▶ INFORMATION SUPPLIED
-=-=-=-=-

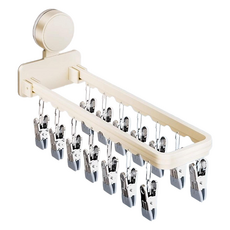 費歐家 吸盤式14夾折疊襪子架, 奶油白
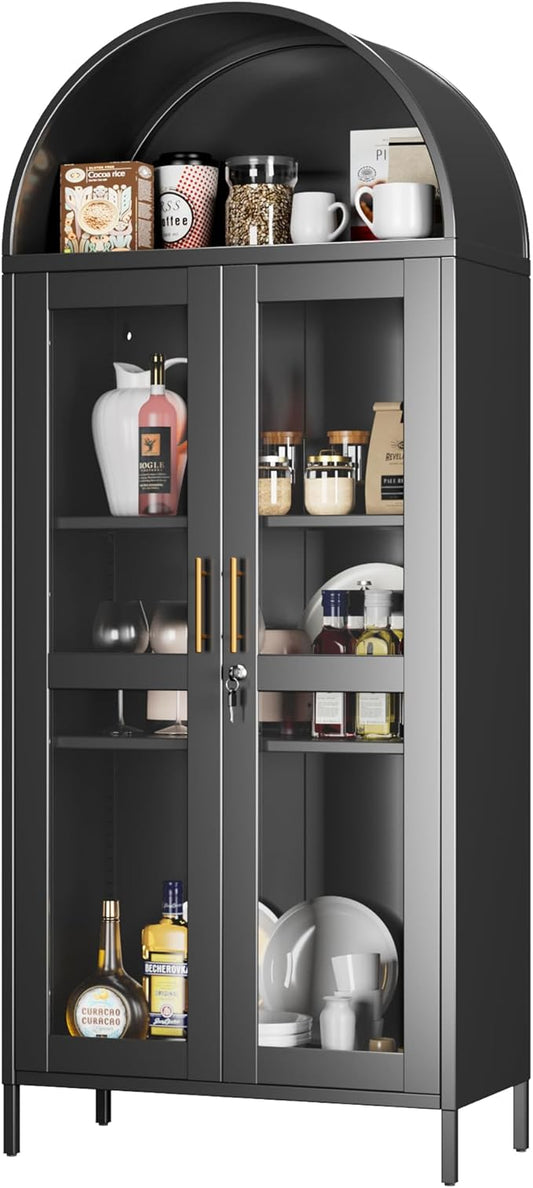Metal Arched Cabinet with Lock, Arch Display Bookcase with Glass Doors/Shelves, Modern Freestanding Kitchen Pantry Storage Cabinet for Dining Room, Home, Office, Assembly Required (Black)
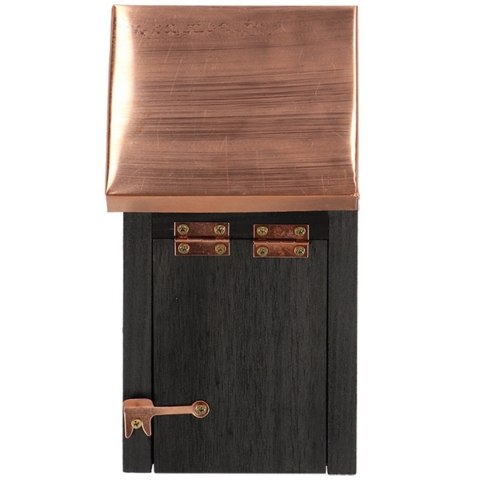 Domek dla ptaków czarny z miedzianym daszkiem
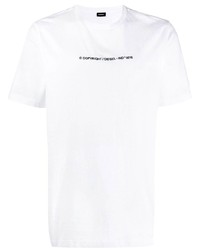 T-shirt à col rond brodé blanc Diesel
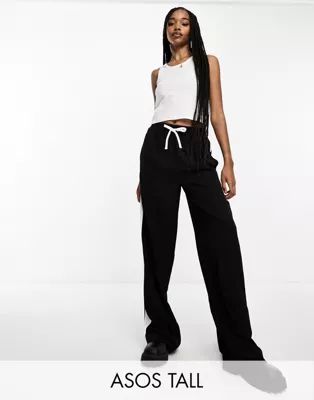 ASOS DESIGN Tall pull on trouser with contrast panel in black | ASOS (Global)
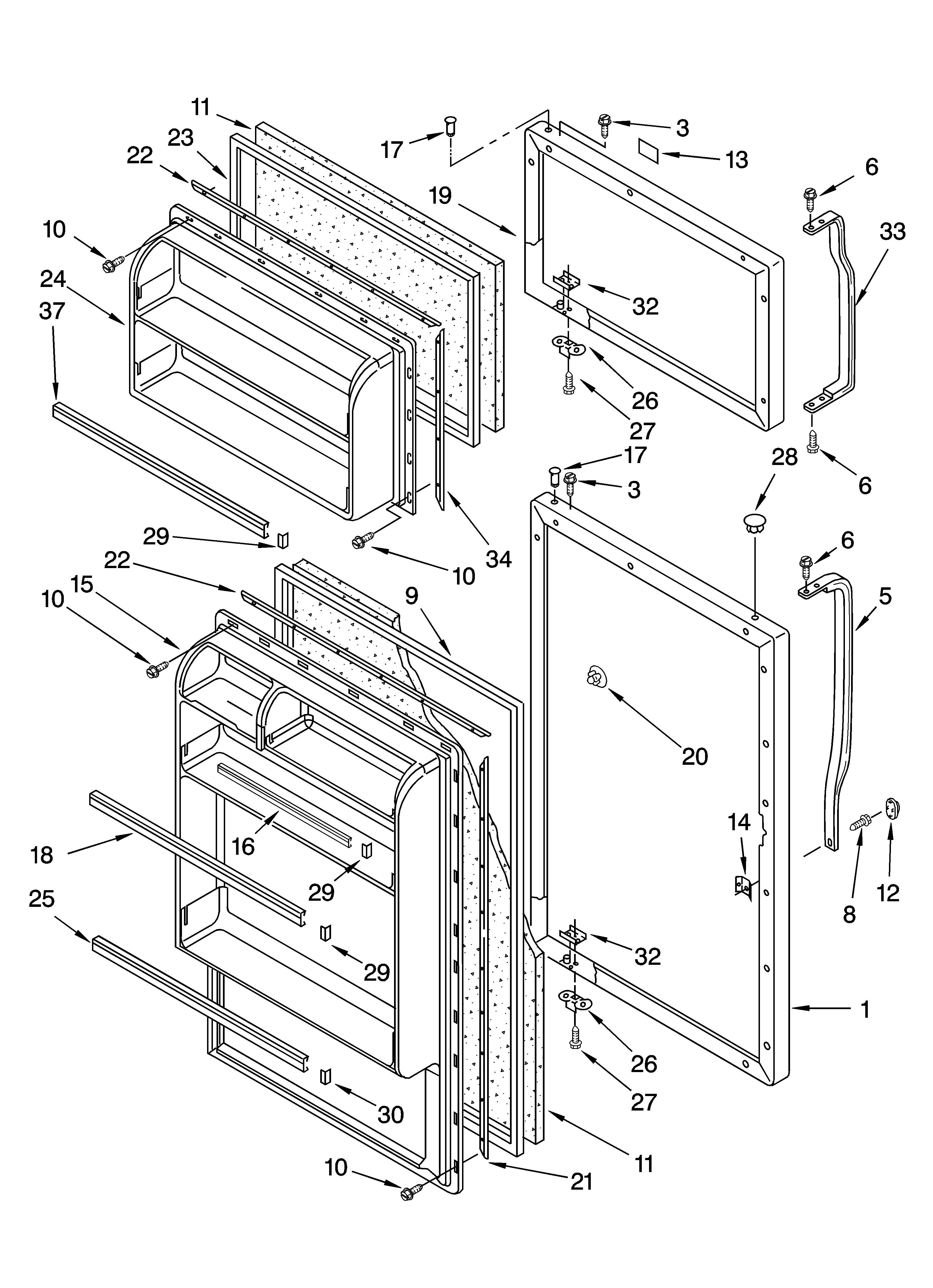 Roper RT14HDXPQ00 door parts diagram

-=-=-=-=-

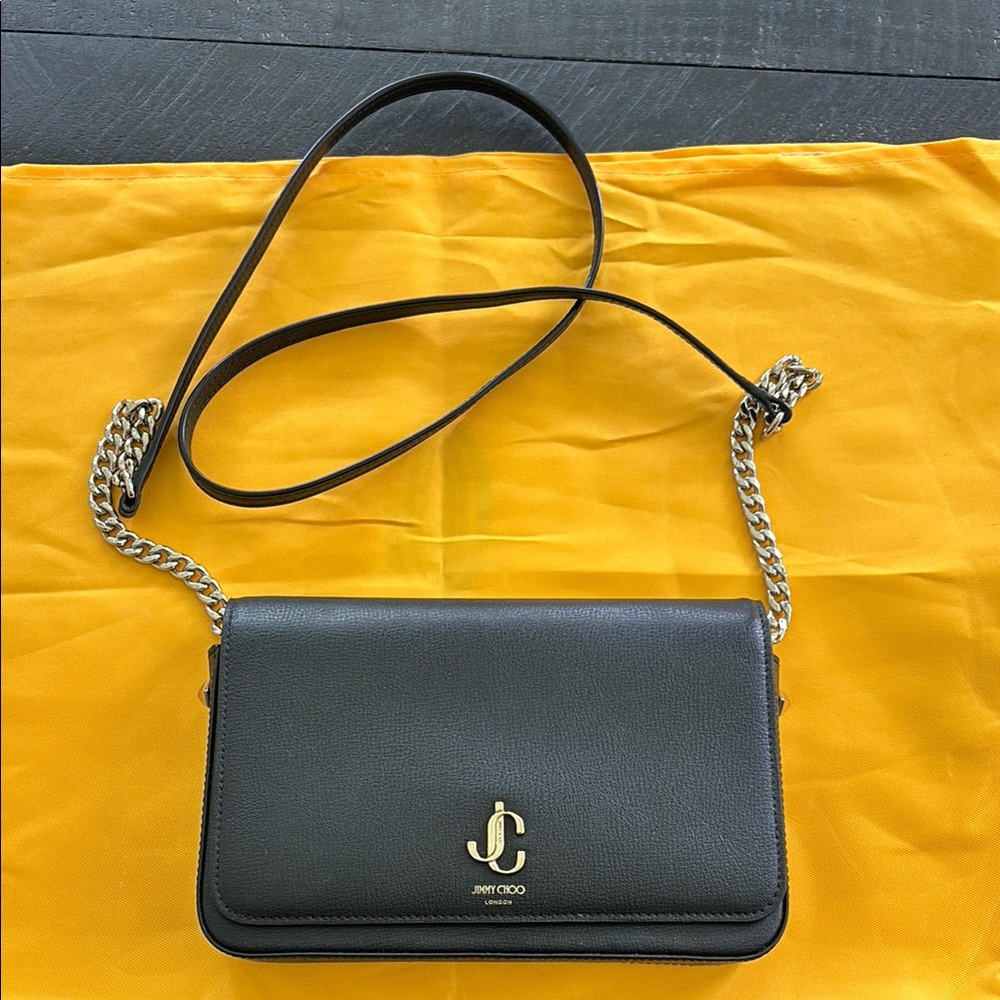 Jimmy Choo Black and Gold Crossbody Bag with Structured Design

-=-=-=-=-

Quote the lines above exactly, starting with the one that has "ASOS DESIGN Tall" and ending with the one that has "Roper RT14HDXPQ00 door parts diagram"; drop the pictures and include nothing else.

▶ WRITTEN ANSWER
 ASOS DESIGN Tall pull on trouser with contrast panel in black | ASOS (Global)
 Roper RT14HDXPQ00 door parts diagram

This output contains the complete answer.